→ Work to be completed:
Your answer must be an exact copy of the entries below, with every picture removed.

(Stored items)
################

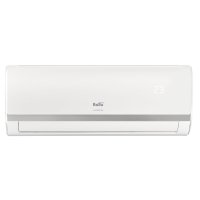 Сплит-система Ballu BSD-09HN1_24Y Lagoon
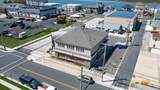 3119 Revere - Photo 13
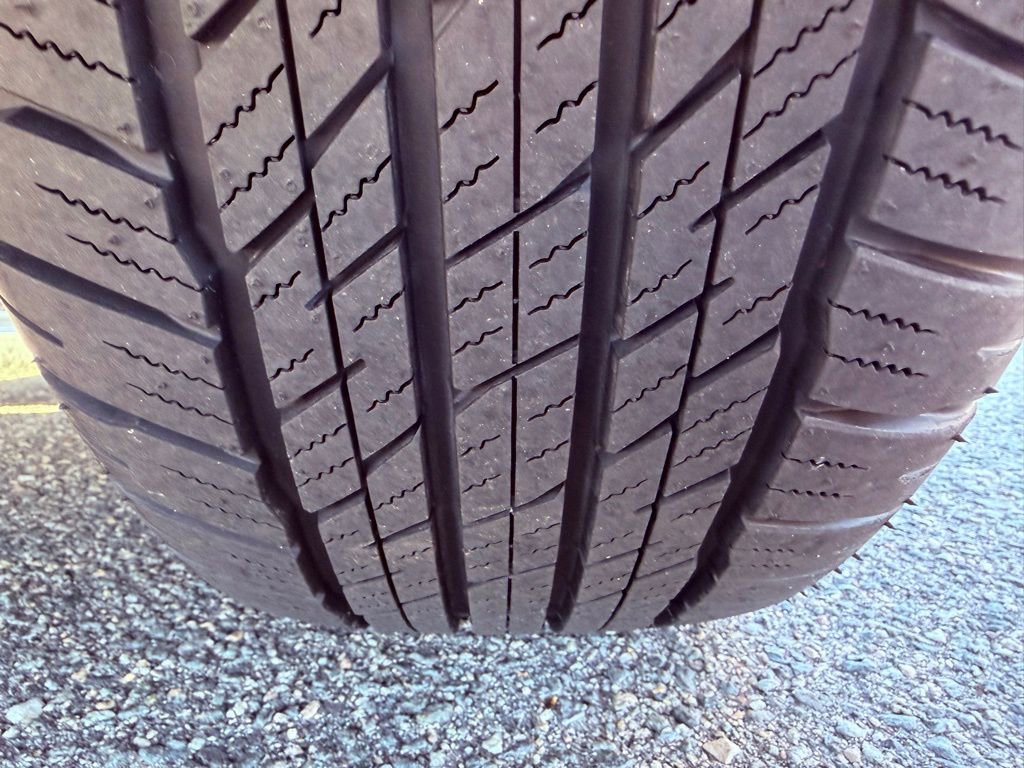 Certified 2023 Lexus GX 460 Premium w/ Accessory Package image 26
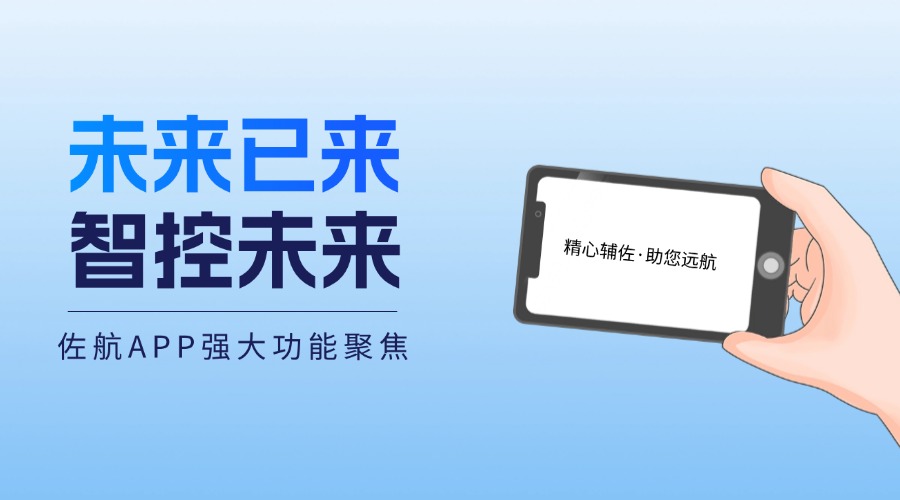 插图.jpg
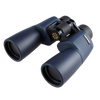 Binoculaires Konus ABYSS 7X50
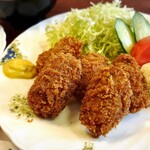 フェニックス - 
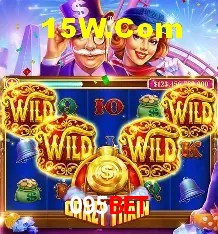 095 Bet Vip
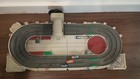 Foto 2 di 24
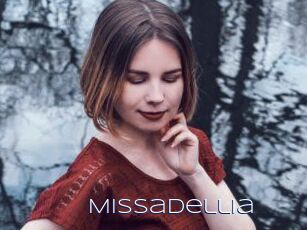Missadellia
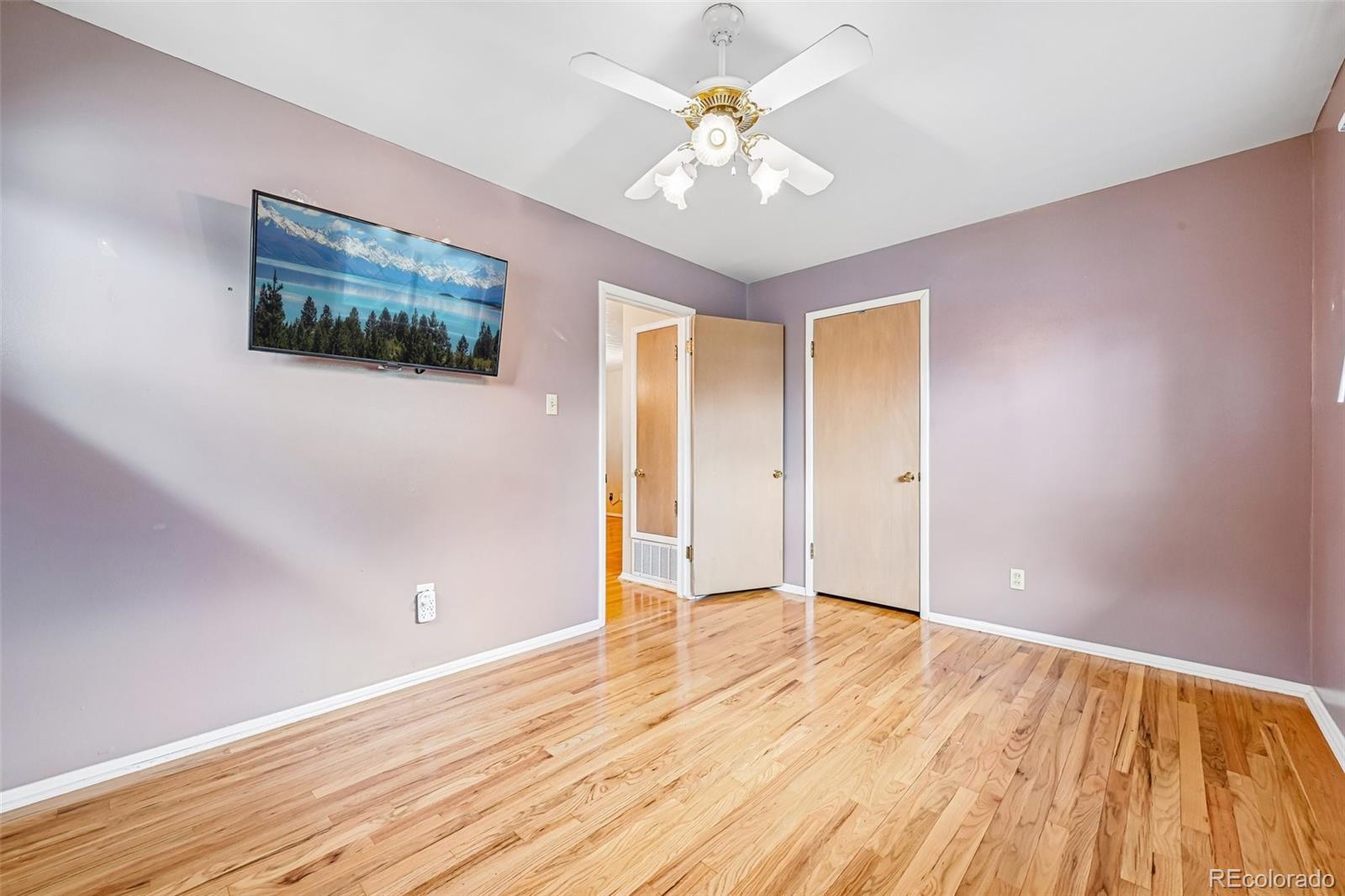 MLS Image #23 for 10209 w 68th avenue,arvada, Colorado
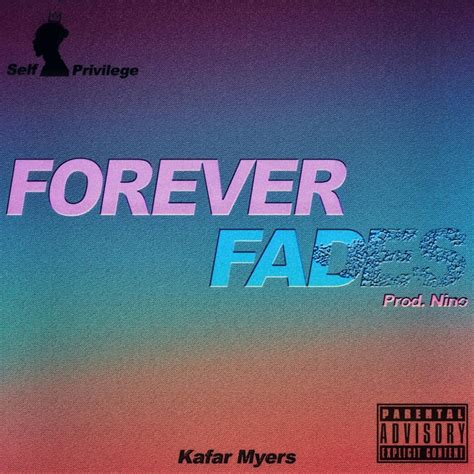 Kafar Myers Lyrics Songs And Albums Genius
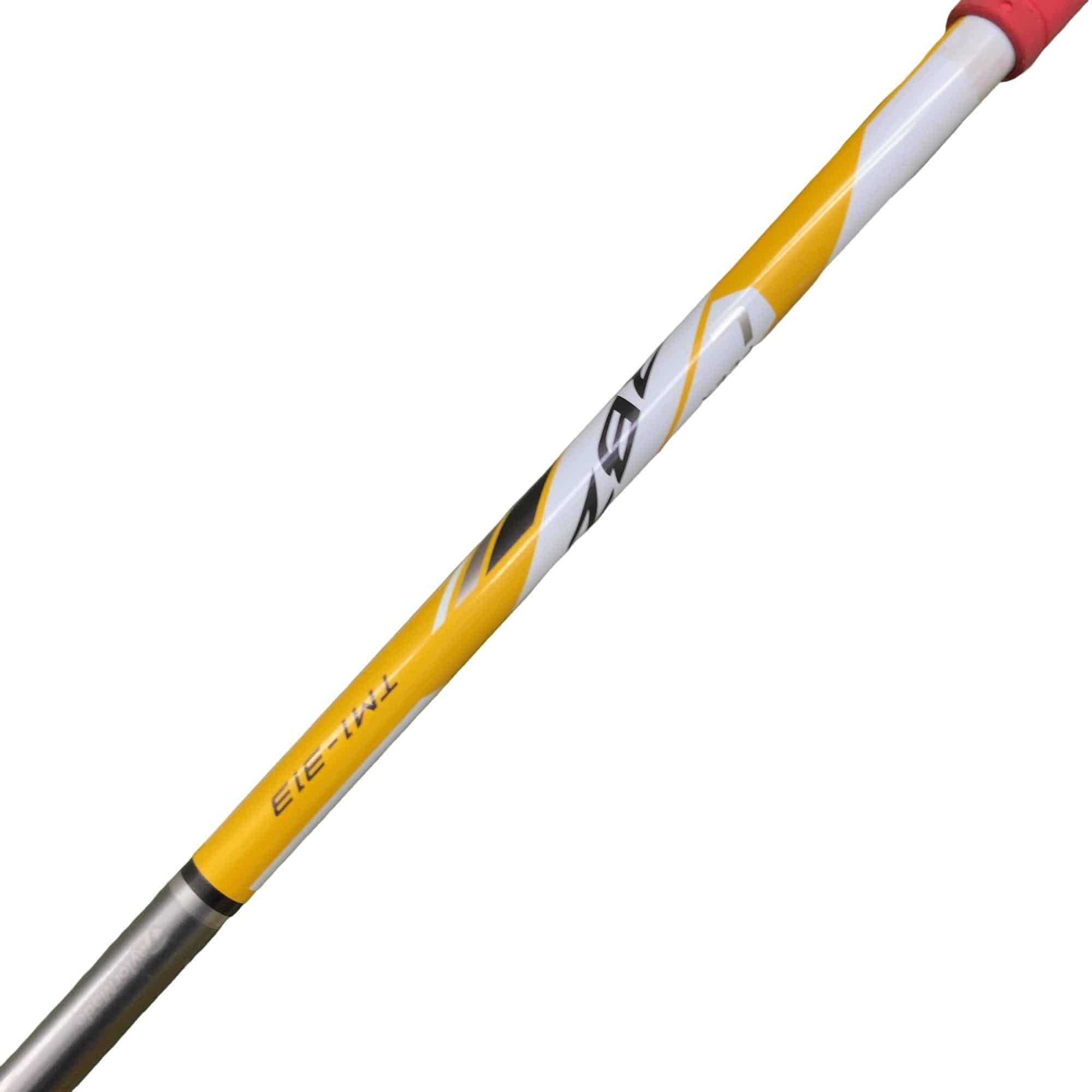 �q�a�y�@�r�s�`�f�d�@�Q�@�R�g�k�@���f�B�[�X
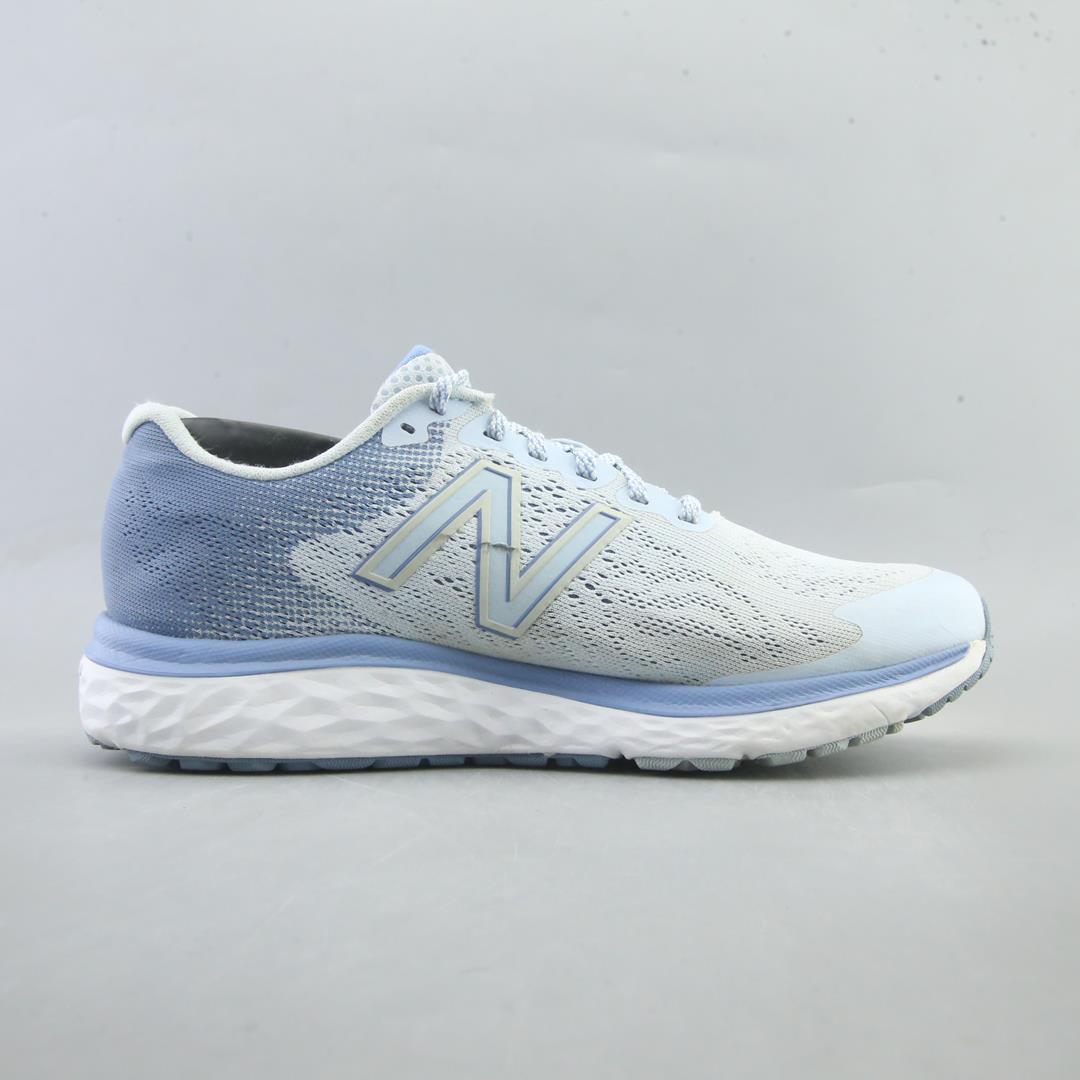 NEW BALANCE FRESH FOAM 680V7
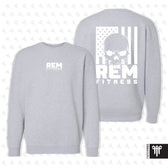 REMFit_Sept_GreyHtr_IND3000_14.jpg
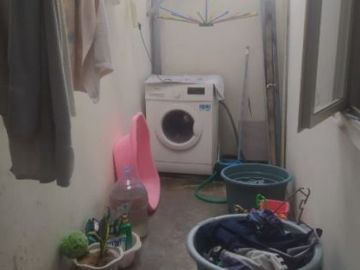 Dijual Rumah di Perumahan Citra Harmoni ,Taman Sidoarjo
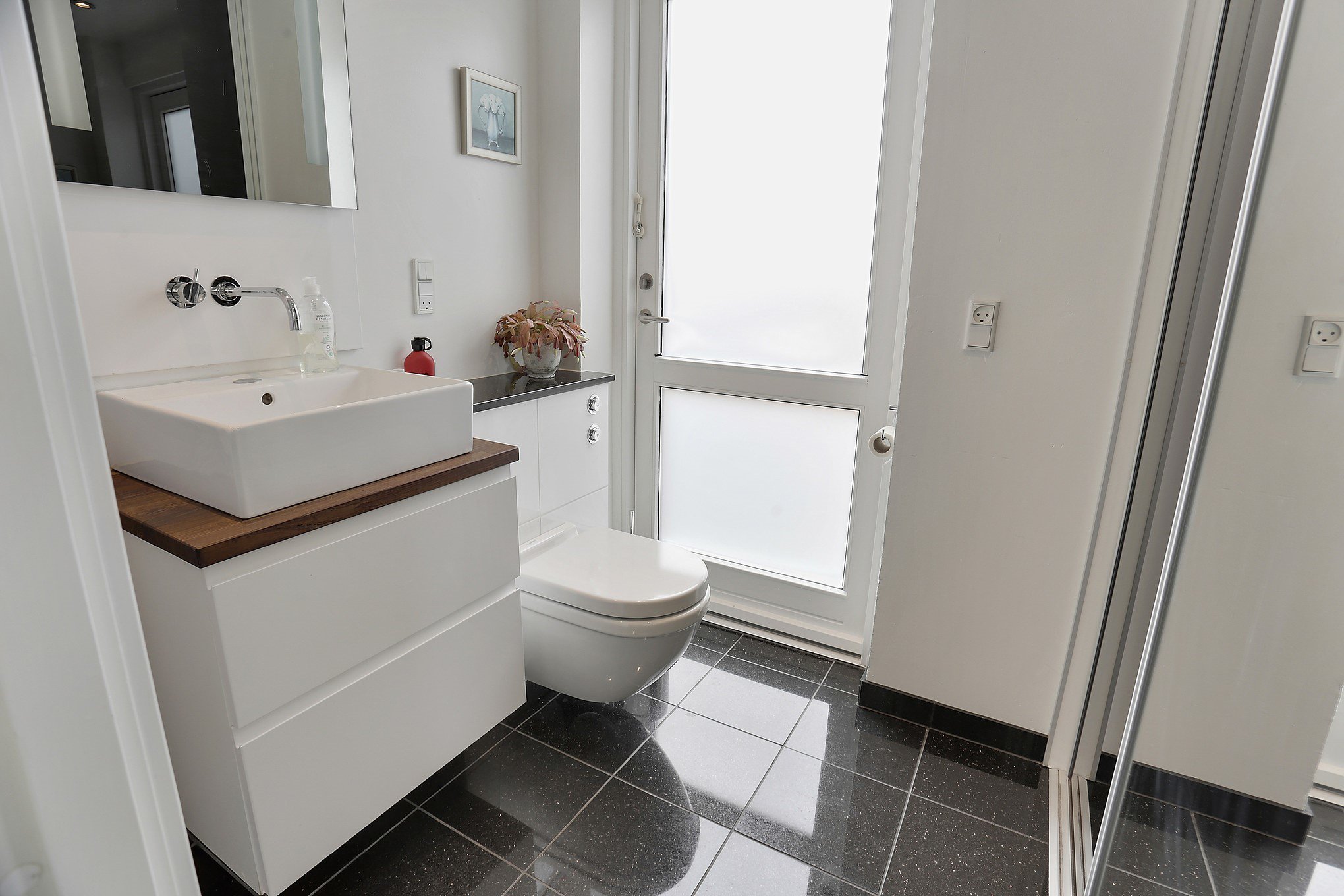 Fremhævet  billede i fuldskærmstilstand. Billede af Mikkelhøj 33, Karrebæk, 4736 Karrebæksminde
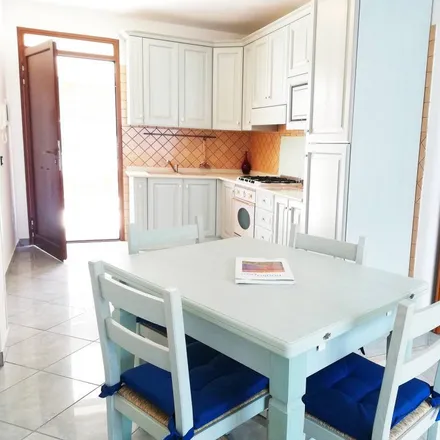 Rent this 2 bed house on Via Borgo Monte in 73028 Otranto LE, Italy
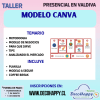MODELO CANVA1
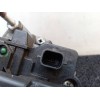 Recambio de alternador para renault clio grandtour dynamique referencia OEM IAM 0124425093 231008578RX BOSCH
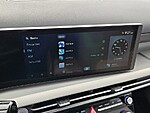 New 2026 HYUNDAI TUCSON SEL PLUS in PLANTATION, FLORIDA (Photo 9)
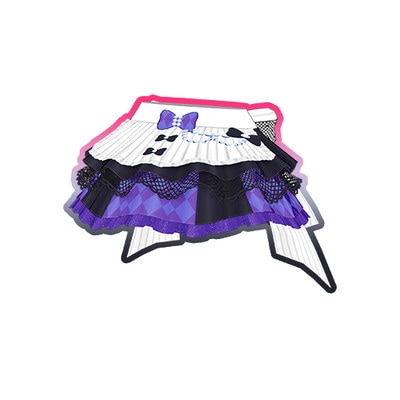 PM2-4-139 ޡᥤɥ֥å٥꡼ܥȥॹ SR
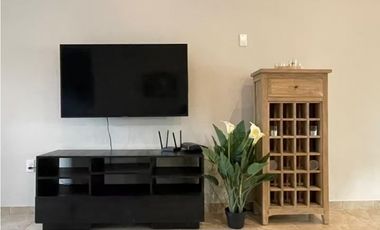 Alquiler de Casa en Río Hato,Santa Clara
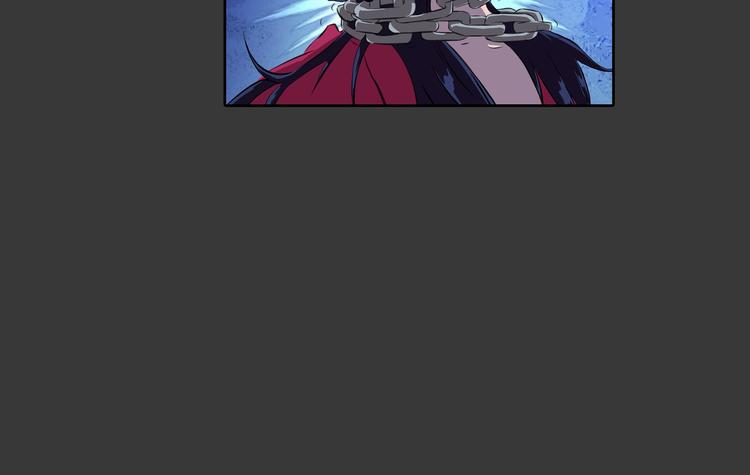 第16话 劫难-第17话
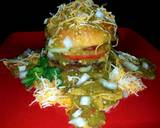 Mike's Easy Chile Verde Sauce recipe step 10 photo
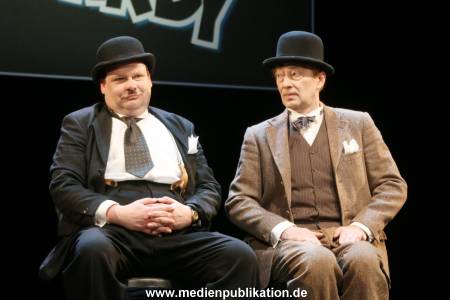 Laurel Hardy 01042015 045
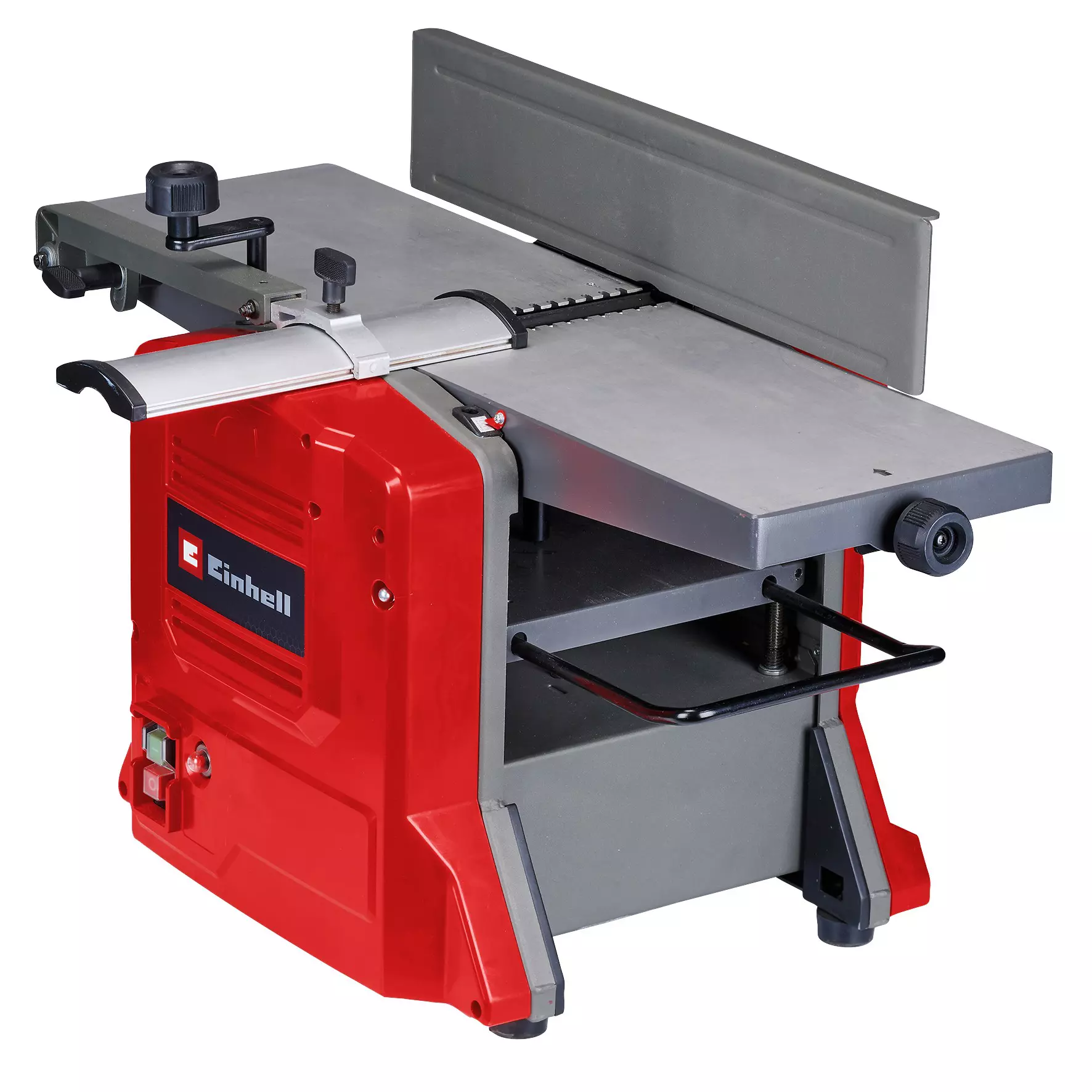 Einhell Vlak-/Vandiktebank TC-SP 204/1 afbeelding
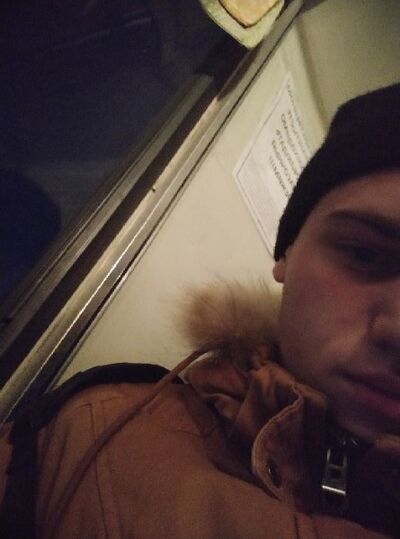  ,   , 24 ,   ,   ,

################

→ Expected answer:
 Сплит-система Ballu BSD-09HN1_24Y Lagoon
 3119 Revere - Photo 13
 Certified 2023 Lexus GX 460 Premium w/ Accessory Package image 26
 插图.jpg
 Binoculaires Konus ABYSS 7X50
 フェニックス - 
 095 Bet Vip
 Foto 2 di 24
Missadellia
 MLS Image #23 for 10209 w 68th avenue,arvada, Colorado
 Kafar Myers Lyrics Songs And Albums Genius
 �q�a�y�@�r�s�`�f�d�@�Q�@�R�g�k�@���f�B�[�X
 NEW BALANCE FRESH FOAM 680V7
 REMFit_Sept_GreyHtr_IND3000_14.jpg
 Dijual Rumah di Perumahan Citra Harmoni ,Taman Sidoarjo
 Fremhævet  billede i fuldskærmstilstand. Billede af Mikkelhøj 33, Karrebæk, 4736 Karrebæksminde
 Rent this 2 bed house on Via Borgo Monte in 73028 Otranto LE, Italy
MODELO CANVA1
 Recambio de alternador para renault clio grandtour dynamique referencia OEM IAM 0124425093 231008578RX BOSCH
 New 2026 HYUNDAI TUCSON SEL PLUS in PLANTATION, FLORIDA (Photo 9)
 PM2-4-139 ޡᥤɥ֥å٥꡼ܥȥॹ SR
 Alquiler de Casa en Río Hato,Santa Clara
 第16话 劫难-第17话
 Mike's Easy Chile Verde Sauce recipe step 10 photo
 Laurel Hardy 01042015 045
 Einhell Vlak-/Vandiktebank TC-SP 204/1 afbeelding
  ,   , 24 ,   ,   ,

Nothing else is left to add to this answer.